Impact/Effect – the worms leave fingerprint on selected logs.
5.2 Multi-step Worm Attack Model
A multi-step onslaught is a series of attack stairss that an aggressor has performed, where each measure of the onslaught is dependent on the successful completion of the old measure as shown in the multi-step onslaught form in Fig. 7.
The onslaught stairss found in the proposed basic worm onslaught theoretical account that consists of scan, exploit and impact/effect are besides found in multi-step onslaught form. Hence, this multi-step onslaught form is used to develop a new multi-step worm onslaught theoretical account as shown in Fig. 9 and the basic worm onslaught theoretical account shall be one of the chief elements for multi-step worm onslaught theoretical account.

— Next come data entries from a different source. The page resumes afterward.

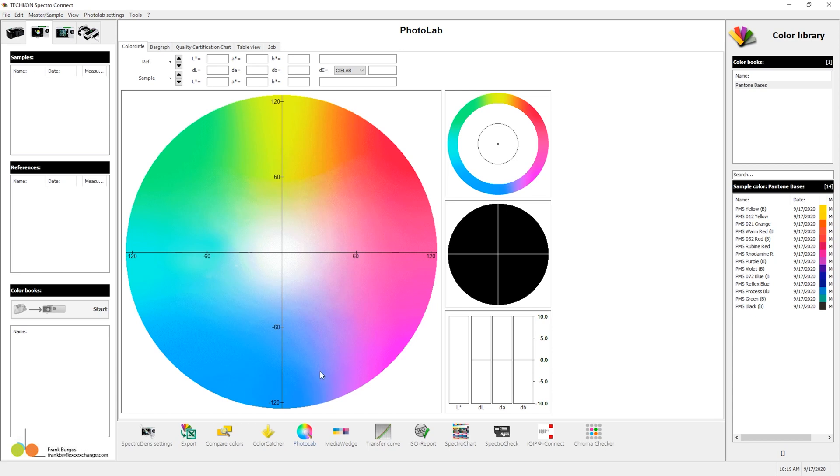This is a two-dimensional color circle. If you're not familiar with that, there's some things you need to learn about color theory. But for those of you who recognize, basically all the colors we can see are going to fall somewhere in here.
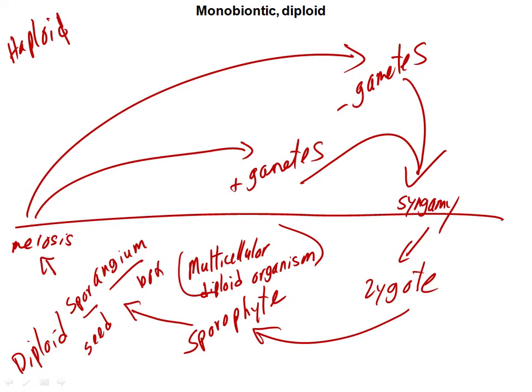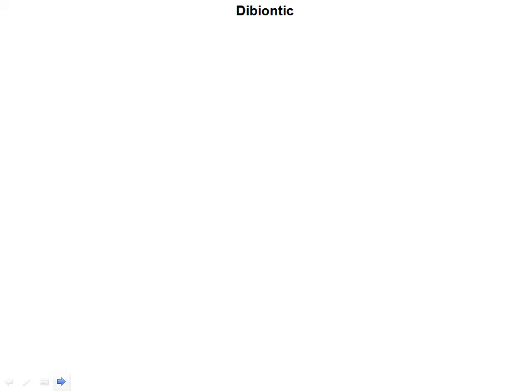The monobionic diploid life cycle is the exact inverse of the monobionic haploid life cycle. In monobionic haploid, the multicellular organism — the gametophyte — is in the haploid portion. There's another type of life cycle, the dibionic. 'Di' is the new root, meaning two — referring to two multicellular organisms: one haploid and one diploid.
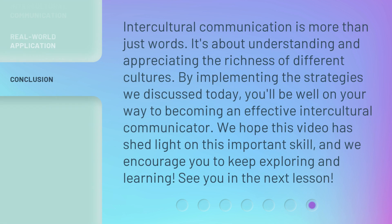Intercultural communication is more than just words. It's about understanding and appreciating the richness of different cultures. By implementing the strategies we discussed today, you'll be well on your way to becoming an effective intercultural communicator. We hope this video has shed light on this important skill, and we encourage you to keep exploring and learning.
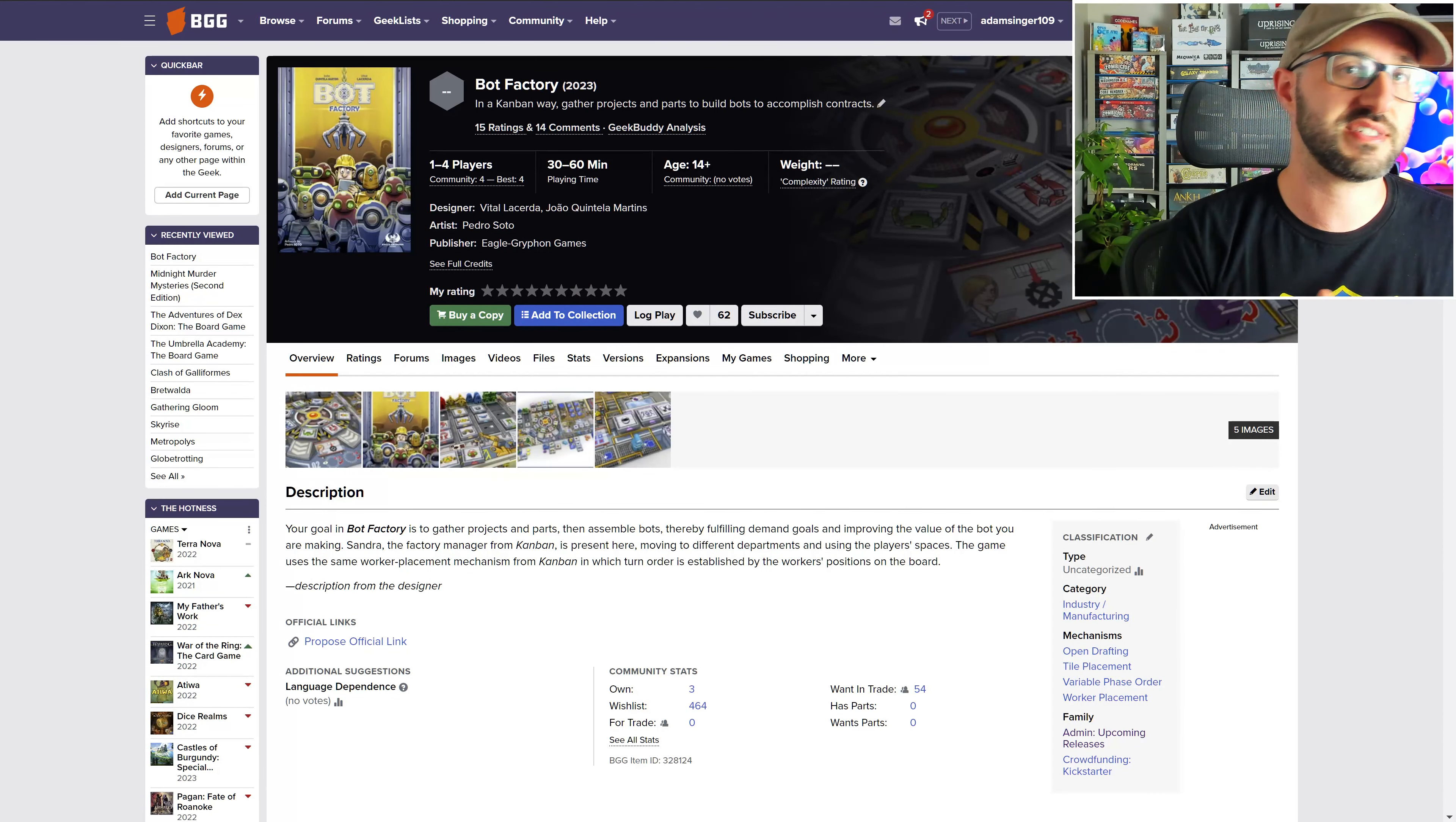Once the factory manager has gone through all the departments, the new round begins and the cycle continues. The different actions will allow players to gather projects and parts, build robots, fulfill demand goals, and improve the value of the bots that you're making. At the end of the game, the player with the most victory points wins the game.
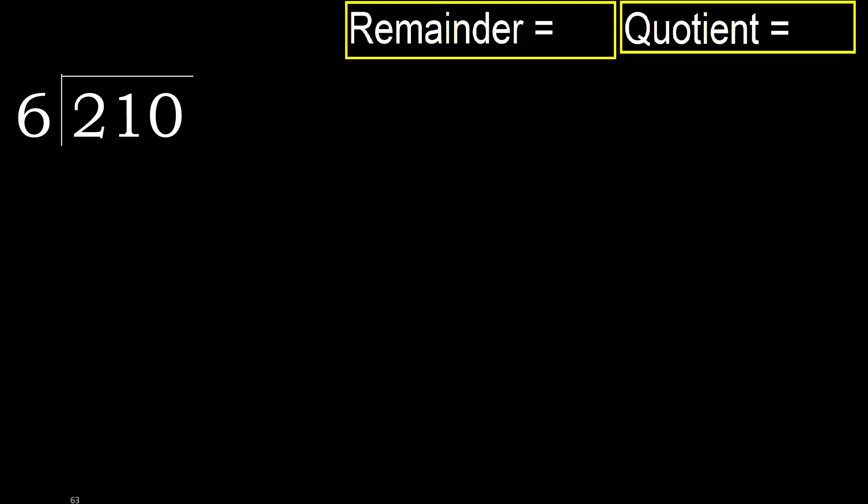210 divided by 6. 2 is less, therefore next. 21 is not less, therefore with 21.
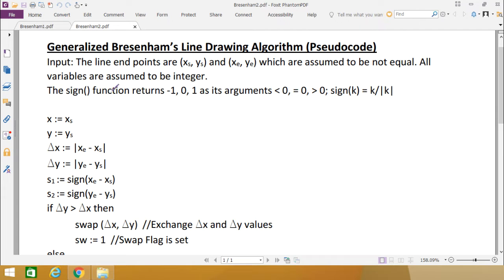The sign function returns the value minus 1 if the number is negative, 0 if the number is 0, and 1 if the number is positive. That is the purpose of the sign function, which returns either minus 1, 0, or 1. The sign of K can be calculated as K divided by the absolute value of K. The absolute value of K returns only the magnitude, ignoring the sign.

Fig. 9. Multi-step Worm Attack Model
The proposed multi-step worm onslaught theoretical account consists of three chief constituents: victim, aggressor and multi-step onslaught ( attacker/victim ) . Each constituent comprise of three elements in basic worm onslaught theoretical account: scan, exploit and impact/effect.
6 Conclusion and Future Directions
In this paper, the research workers have analyzed diverse logs in order to place onslaught form from aggressor and victim position in an onslaught scenario. The end product of the analysis is used to develop the basic worm onslaught theoretical account which is so extended to cover the multi-step onslaught. The determination is indispensable for farther research in watchful correlativity and computing machine forensic probe.
We thank to Universiti Teknikal Malaysia Melaka for the Short Grant support ( PJP/2009/FTMK ( 8D ) S557 ) for this research undertaking.